Boxing Day Test: Lunch, day one: Two wickets then too hot as England face the Durban hothouse


WELCOME to a world where thousands of people lug jugs of lager around in the blazing sun at 8am Greenwich Meantime on Boxing Day.
To a city where you sweat in the shade, melt in the sun. To a ground where England are being baked into submission after a promising start to the second Test at Kingsmead.
Durban when the sun comes out in summer is a tropical paradise. If you have constant access to air-conditioning or a swimming pool.
For pale British cricketers, it can be hell. For the first 12 overs, as I predicted, James Anderson, Graham Onions and Stuart Broad were able to bowl their hearts out on a track which had a bit of life in it.
Then, on the hottest day of the summer so far - just as it had been in Centurion - the withering heat and 90 percent humidity began to tell.
Anderson got Ashwell Prince (2) to nick to Graeme Swann at second slip in the third over. In the tenth, Broad came on after Onions' impressive opening spell, and immediately trapped the Centurion centurion and local hero Hashim Amla (2) bang in front LBW.
At 1-3 and 2-10, South Africa were in all sorts of trouble after Graeme Smith had won the toss and elected to bat.
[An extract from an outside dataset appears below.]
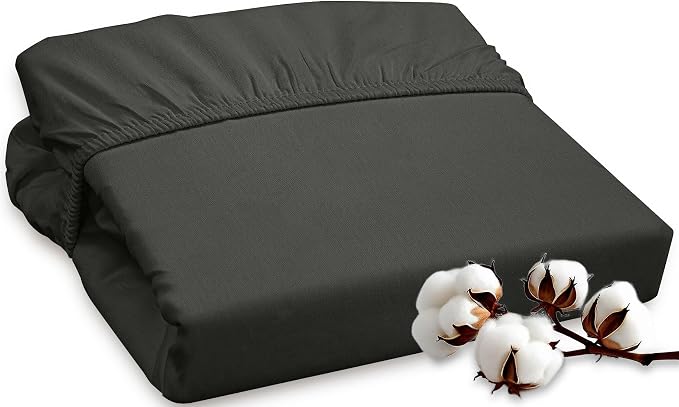 ROYALE LINENS 300 Thread Count 100% Long Staple Combed Cotton Fitted Sheet Full by ROYALELINENS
But they were assisted by touring coach Andy Flower as England refused to change their side and kept the lamentable Ian Bell as non-scoring batsman No6 instead of drafting in another seamer in Ryan Sidebottom or the all-rounder Luke Wright.
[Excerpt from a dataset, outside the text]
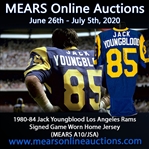 1980-84 Jack Youngblood Los Angeles Rams Signed Game Worn Home Jersey (MEARS A10/JSA)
And for the rest of the morning spell, they paid for that. By lunch we had Jonathan Trott, at best an occasional Test bowler, coming on from the Hilton Hotel end with his wobbly dobblers. Ridiculous.
This was a day for four seamers, with a bit of swing in the air early on and hellish conditions to come this afternoon. Smith (29) and the old warhorse Jacques Kallis (28) have added 67 for the third wicket.
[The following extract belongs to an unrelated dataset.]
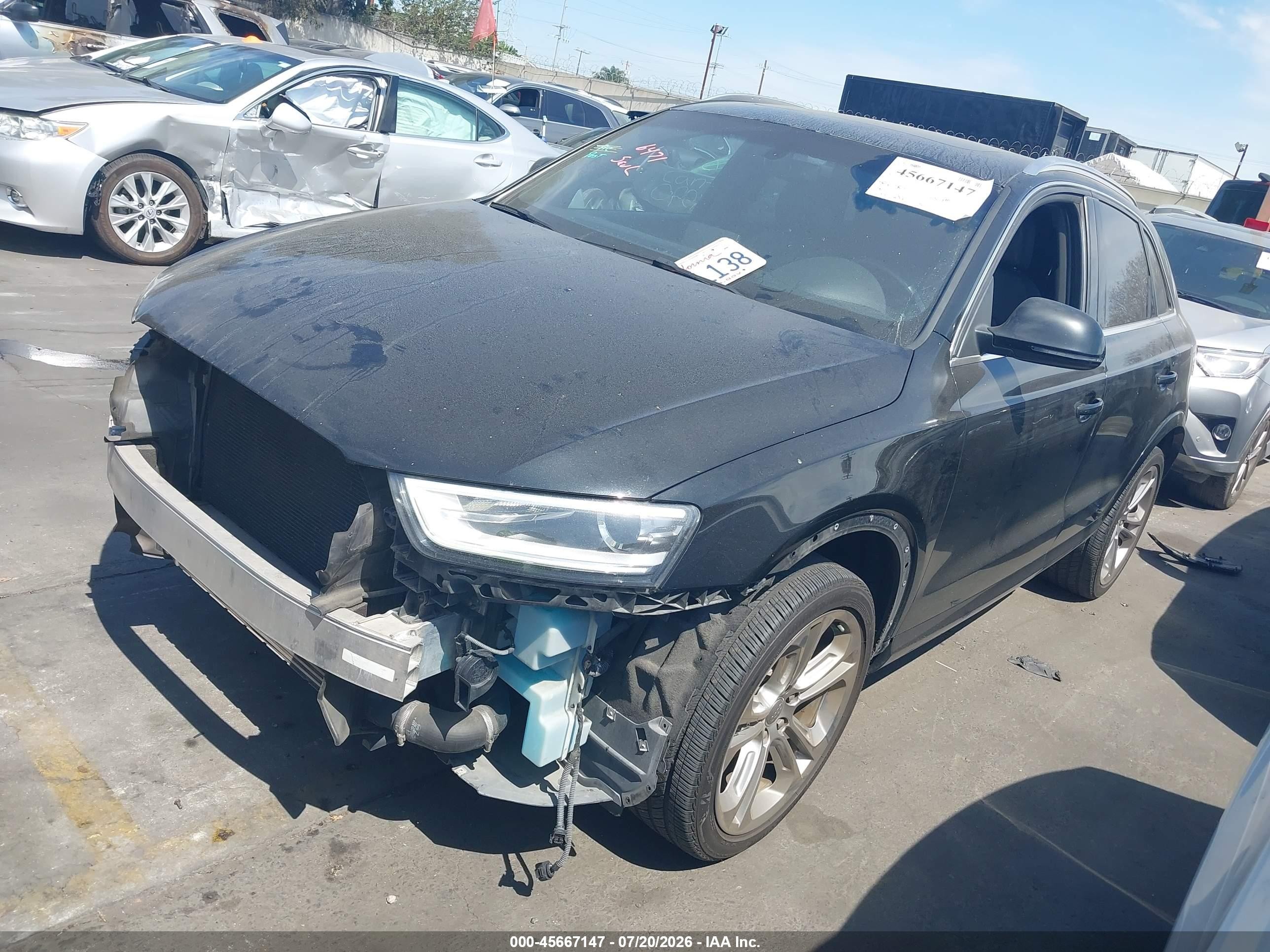 2015 Audi Q3 2.0t Premium Plus Black vin: WA1GFCFS8FR013701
England only managed 25 overs rather than the expected 30 this morning, and they face two torrid sessions before the blazing sun goes down over the Berea ridge overlooking the city.
Down in the bowels of the main stand, the honours boards, Lord's-style, show the centurions and five-wicket bowlers going back to 1923, when, like Wembley, Kingsmead first staged an international.
Then this curious gap between 1970 and 1992. Those are the 22 years local cricketers gave up to Apartheid. Barry Richards, Mike Procter and dozens of other talented South Africans were forced to miss the best Test years of their careers because of their nation's disgraceful political system. Just before isolation, they whipped Australia 4-0 with Richards, Procter and both Pollocks tearing the convicts apart.
Things have changed, they've even dug up the old pictures of local Indian and black cricket to adorn the walls, where once it was all white on the night.
Outside though, few of the local Zulus can be bothered with the men in white who spend five days in the sun eking out a draw. They prefer the brand new Moses Madibe Stadium a mile away, purpose-built for the World Cup next year.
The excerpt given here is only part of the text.